**ACTIVITY**
Please return the listing below word for word, minus its pictures.

**DATASET EXTRACT**
*****
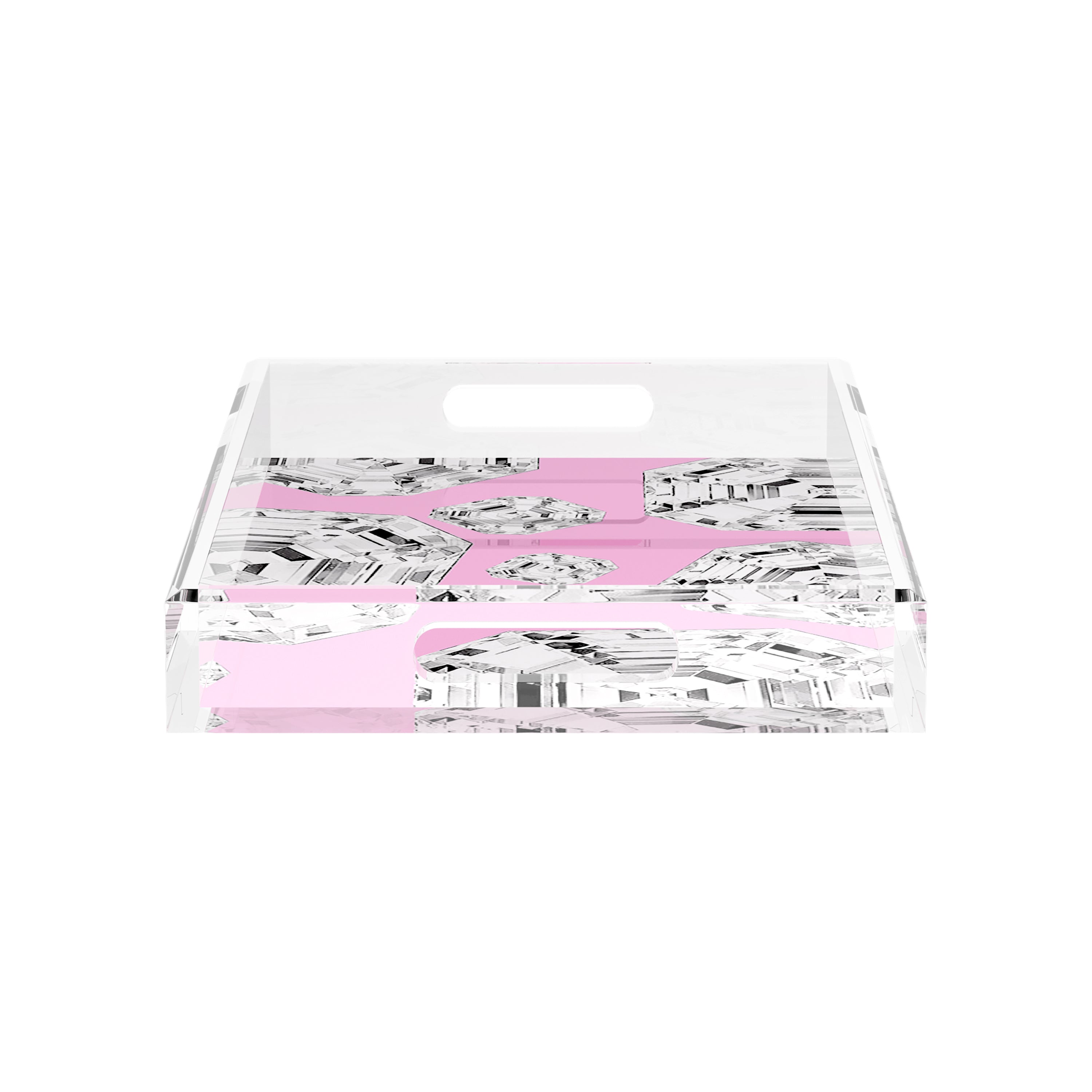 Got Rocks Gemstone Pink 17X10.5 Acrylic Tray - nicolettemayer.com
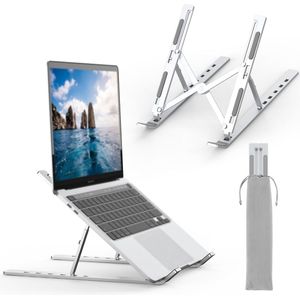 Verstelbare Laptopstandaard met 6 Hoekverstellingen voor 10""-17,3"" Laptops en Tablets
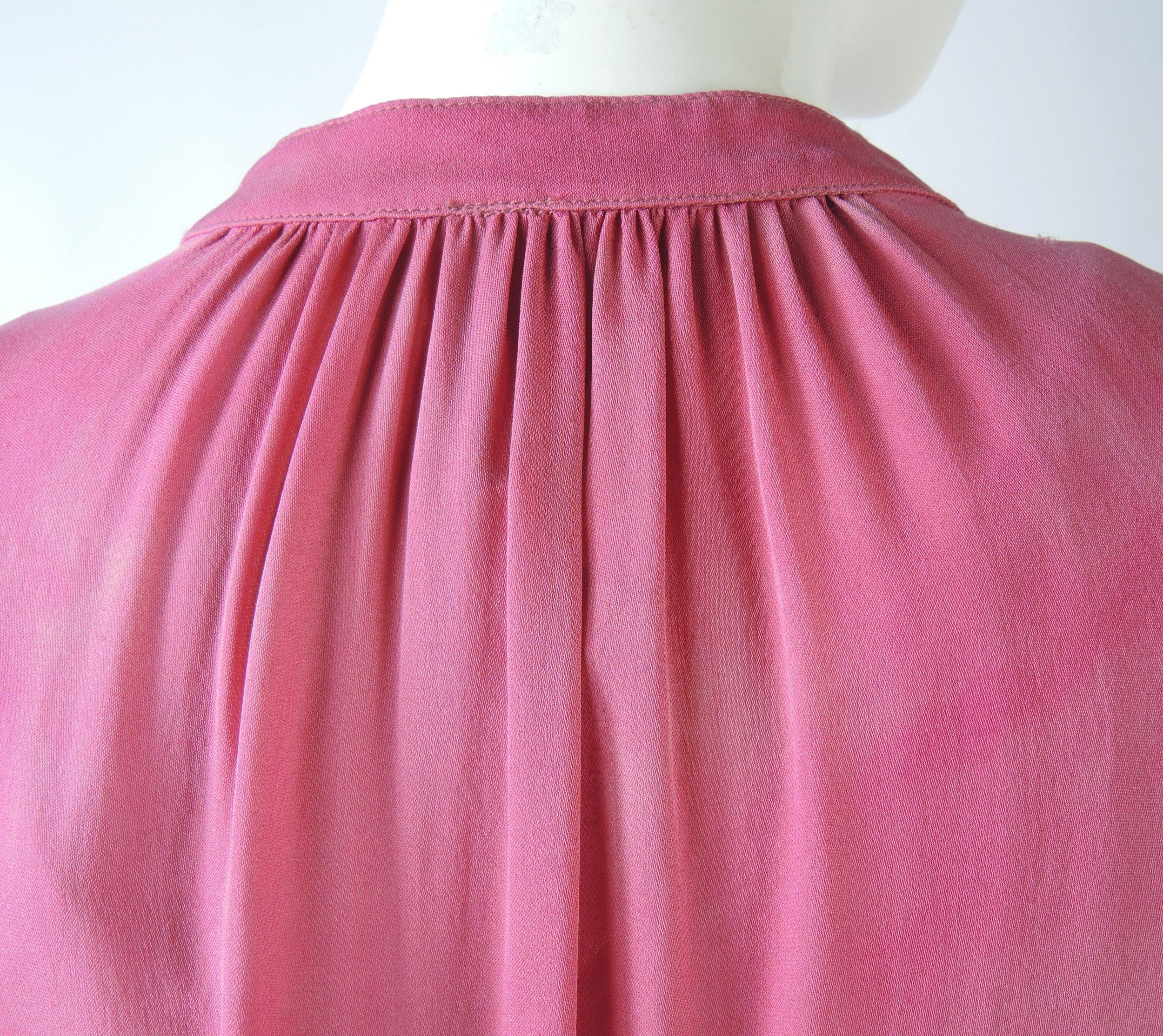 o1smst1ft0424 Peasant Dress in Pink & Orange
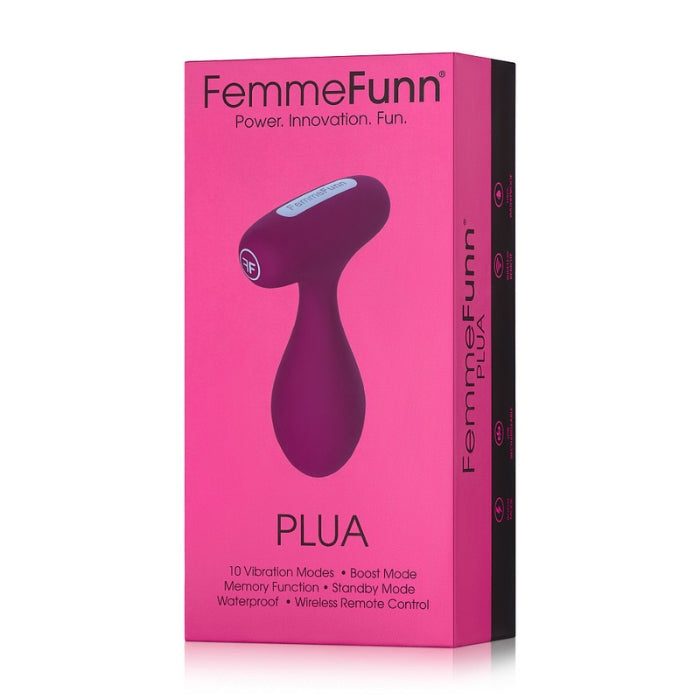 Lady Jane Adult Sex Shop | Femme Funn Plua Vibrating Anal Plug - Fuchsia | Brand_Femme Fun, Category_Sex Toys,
*****
**EXPECTED OUTPUT**
 Got Rocks Gemstone Pink 17X10.5 Acrylic Tray - nicolettemayer.com
 Verstelbare Laptopstandaard met 6 Hoekverstellingen voor 10""-17,3"" Laptops en Tablets
 o1smst1ft0424 Peasant Dress in Pink & Orange
 Lady Jane Adult Sex Shop | Femme Funn Plua Vibrating Anal Plug - Fuchsia | Brand_Femme Fun, Category_Sex Toys,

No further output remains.